- **TASK PROMPT**:
Reproduce the line with "Вже 10 років" and everything after it in the listing below, exactly, both ends included. No pictures.

- **DATASET EXCERPTS**:
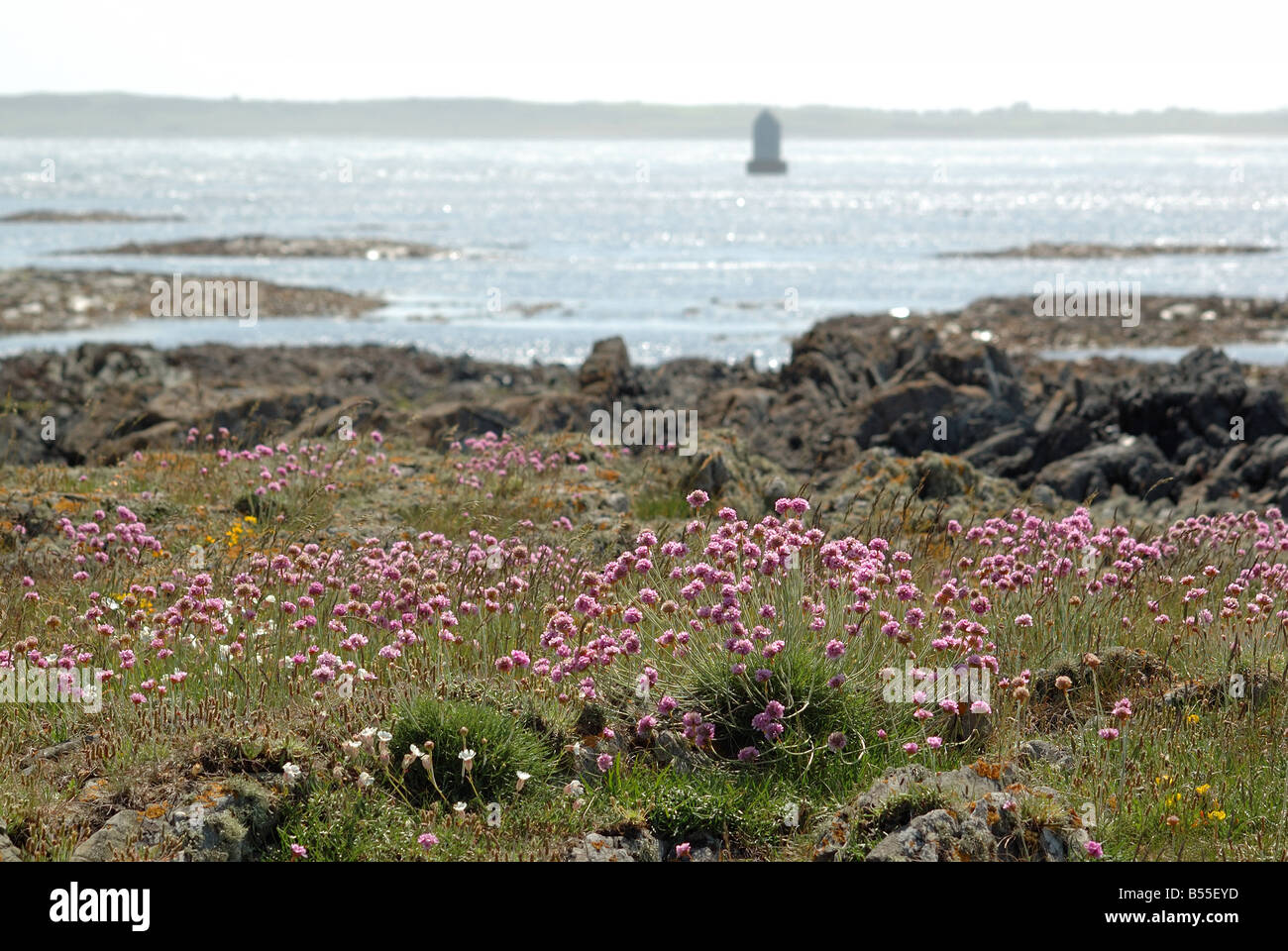 Sea Pinks Wild Flowers on Ballyquintin Point at the mouth of Strangford Lough Co Down Northern Ireland Stock Photo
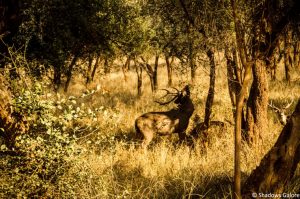 A Day At Sariska Tiger Reserve 12 Deer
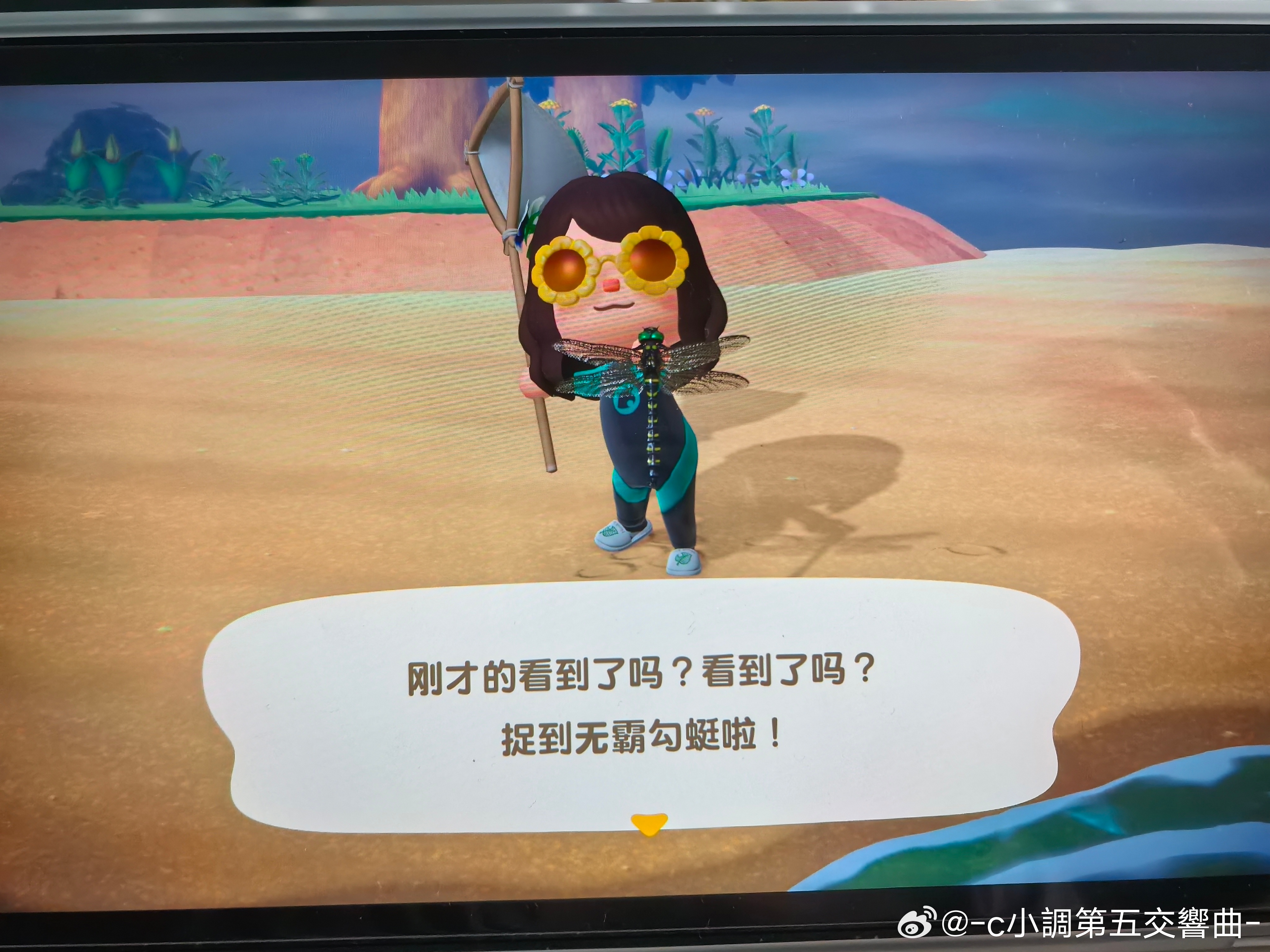 ………… 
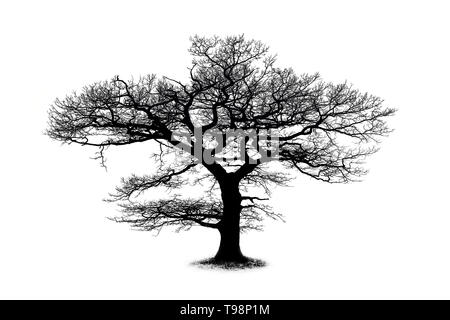 Silhouette d'arbre de chêne isolé sur fond blanc avec une belle branches courbées Banque D'Images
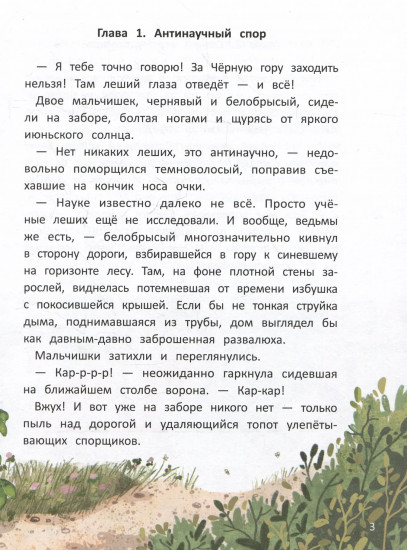 Тайна Черной горы, или Каникулы в Чудесатово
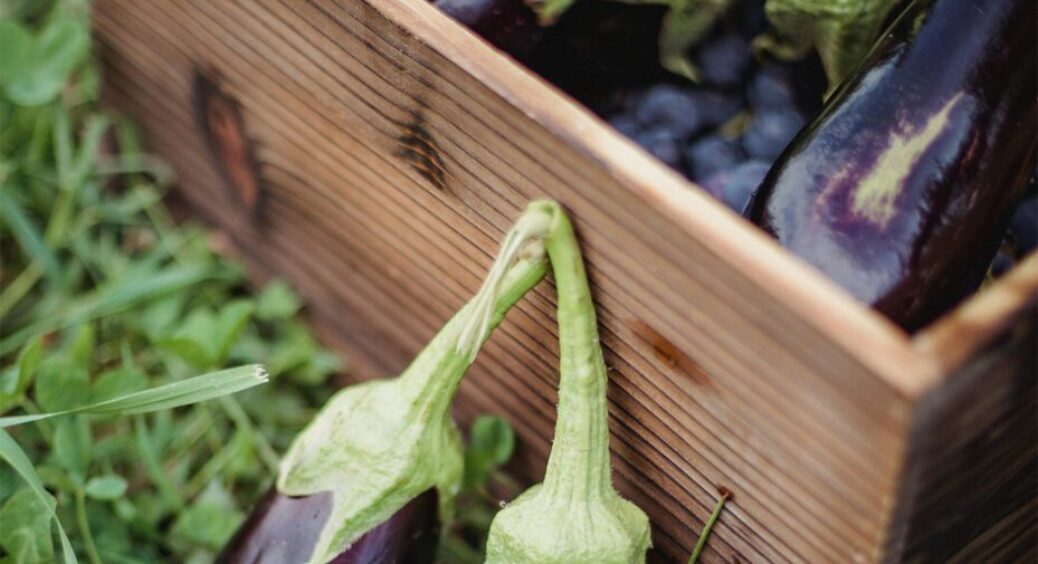 Вже 10 років годую баклажани лише цим: навчила бабуся з Полтави, у якої все під контролем 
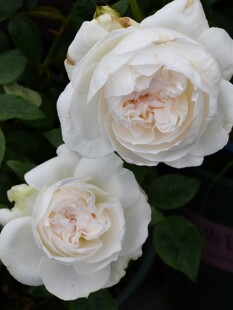 波莱罗月季扦插花苗浓香大花白色丰花多季开花庭院阳台盆栽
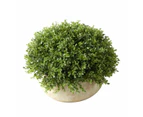 Artificial Oval Topiary  - Anko - Multi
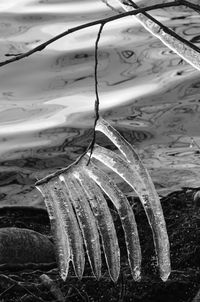 High angle view of water drops on wood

- **RESULT OF THIS TASK**:
 Вже 10 років годую баклажани лише цим: навчила бабуся з Полтави, у якої все під контролем 
 波莱罗月季扦插花苗浓香大花白色丰花多季开花庭院阳台盆栽
 Artificial Oval Topiary  - Anko - Multi
 High angle view of water drops on wood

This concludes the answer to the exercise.